Al livello lavorativo sì. Abbiamo cominciato a intraprendere percorsi di vendita ai quali non c’eravamo mai approcciati prima (delivery e grande distribuzione). In più, abbiamo rafforzato mediaticamente il rapporto con i clienti, in questo caso con gli utenti sui social che sono la parte importante della nostra realtà e non vedevo l’ora di tornare.
- Oltre alla vendita diretta, necessariamente limitata al livello fisico, ci sono stati altri mezzi che avete messo in campo durante il 2020 e/o per prepararvi al 2021?
Premesso che l’azienda vive grazie al contatto con il pubblico e l’utente finale, abbiamo cercato di raggiungere tutti ugualmente, anche i più lontani.
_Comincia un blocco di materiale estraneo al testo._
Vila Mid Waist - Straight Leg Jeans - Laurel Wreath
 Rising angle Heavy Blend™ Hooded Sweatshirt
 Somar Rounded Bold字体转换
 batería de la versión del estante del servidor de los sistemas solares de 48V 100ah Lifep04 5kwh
Infatti, abbiamo attivato il servizio di consegna a domicilio e ci siamo interfacciati con la vendita online attraverso le diverse piattaforme di competenza. Inoltre, sono state organizzate degustazioni virtuali e siamo stati inclini a investire nella vendita alla GDO con il conseguente impegno, da parte nostra, di formare gli addetti alle vendite.
- In un anno in cui il grande tema assente è stato la “socializzazione”, quanto vi mancano gli eventi dedicati al vino? E in tal senso, come vorreste o immaginate di tornare a condividere questi momenti?
L’incontro è tutto, dal poter trasmettere le nostre emozioni a fare appassionare i consumatori ai nostri vini, perché come dice Felice “Quando degusto un vino, provo delle sensazioni, delle emozioni”. A noi è mancato proprio condividere le emozioni della degustazione. Nel nostro immaginario si tornerà con molta naturalezza a questi momenti.
- Poggio Le Volpi condensato in una frase…
Storia di una famiglia, Armando e Felice Mergè, tradizione identità e territorio ma anche passione, impegno ed esperienza.
- Masca del Tacco condensato in una frase…
Produzione e trasmissione di valori, storia centenaria di patrimoni vitivinicoli unici.